How to be a Commercial Salmon Processor or Marketer in Alaska

In this series we talk to young people who work and live in Alaska about what they do and why with the goal of educating people about Alaska's unique industries. These articles are based on interviews I do on Instagram Live @AlaskaShow. Check it out if you want to hear our guests first hand and ask questions!



Kinsey doesn't call herself a fisherman, she calls herself a “seafood professional."


Many commercial fishermen grow up on boats. They learn the trade as deckhands on their parents' seiners and gillnetters.


But Kinsey got her foot in the door another way.

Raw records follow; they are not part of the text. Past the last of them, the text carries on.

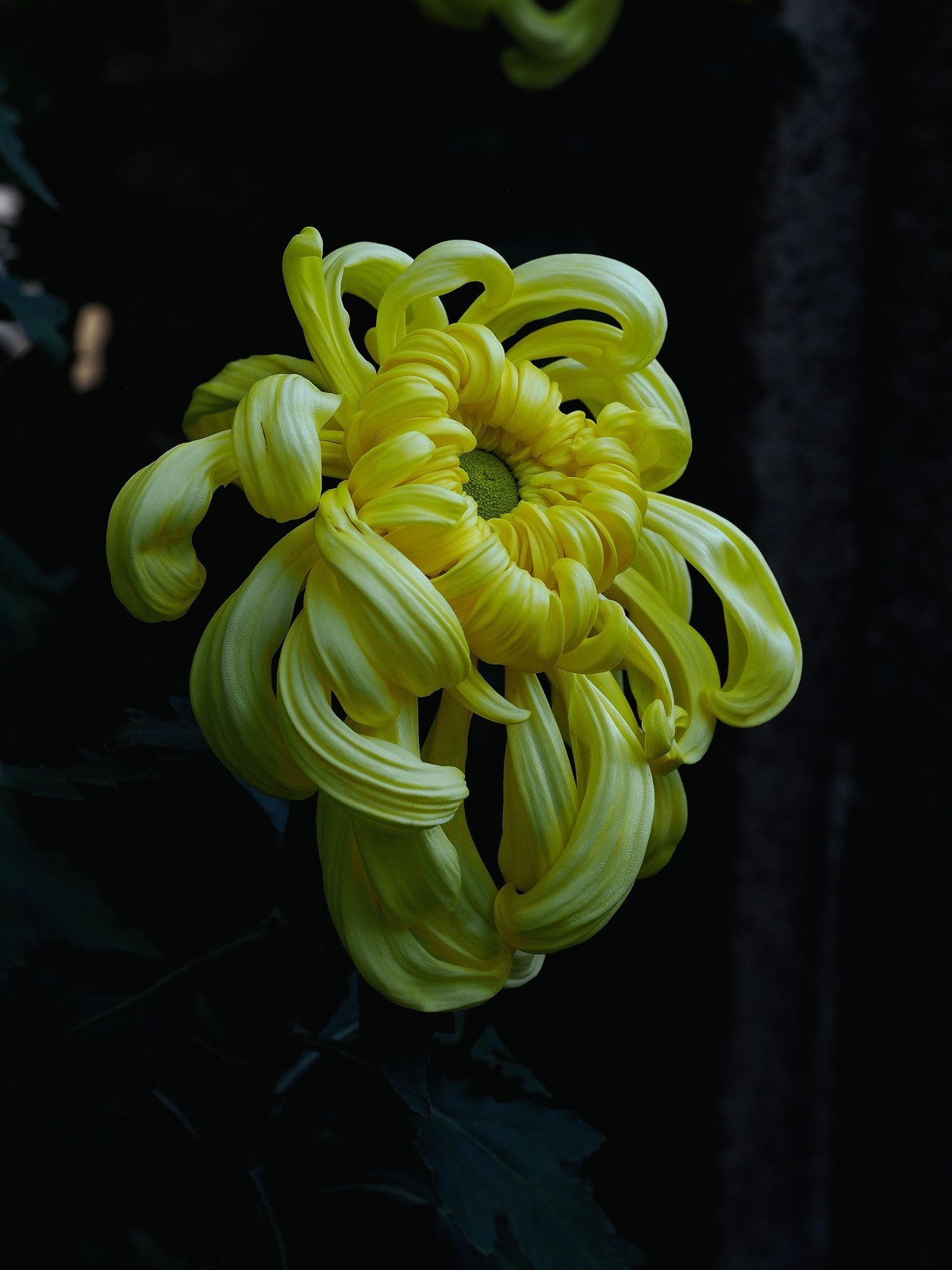 黄花岗公园菊展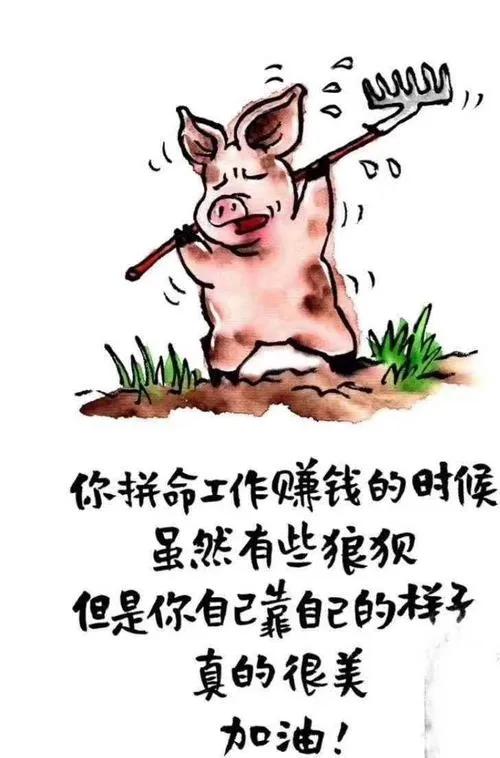 挣钱到底是为了什么句子,挣钱为了什么
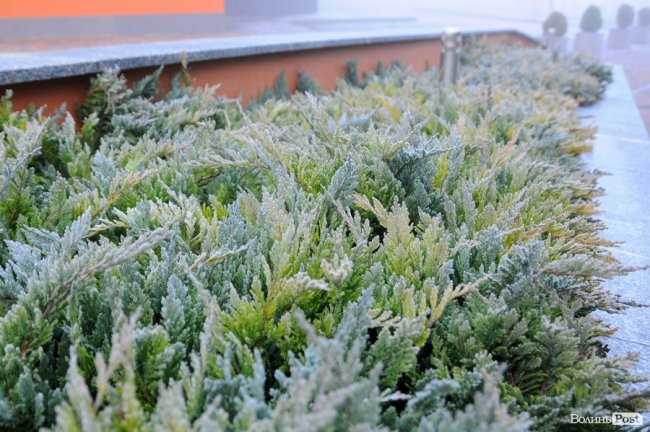 Паморозь і густий туман: чарівний ранок у Луцьку. ФОТО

Her first "fish job," as she calls it, was working behind the counter at a grocery store in high school where she weighed and packaged fillets and shellfish - working with a variety of seafood and learning about customers' tastes firsthand through one-on-one interaction. She didn't think a simple high school job at a grocery story would lead her to a life of helping people eat fresh, wild-caught Alaska seafood, but she was so captivated by it she came to Alaska after college to work for regional seafood development association, a non-profit funded by the fishing fleet to advertise and do market research on their wild-caught seafood.


Since then her career has spanned most of the salmon supply chain from fisherman to wholesaler to marketer - even to working the fish counter at a grocery store. She's truly done it all.




The Journey from the Boat to your Plate


Part of what was so captivating about that first job at the grocery store, Kinsey says, was the vastness of America's seafood industry. Fishermen trawled the coasts from Alaska to LA, and Louisiana to South Florida all the way up to Maine - catching sea creatures that she prepped and wrapped and weighed out for customers. She wanted learn about how each serving got out of the water and into her hands.


Like other fisheries, people are most familiar with Alaskan seafood at the end of its journey - chilling behind the gleaming glass at the grocery store or steaming hot in front of them at a restaurant.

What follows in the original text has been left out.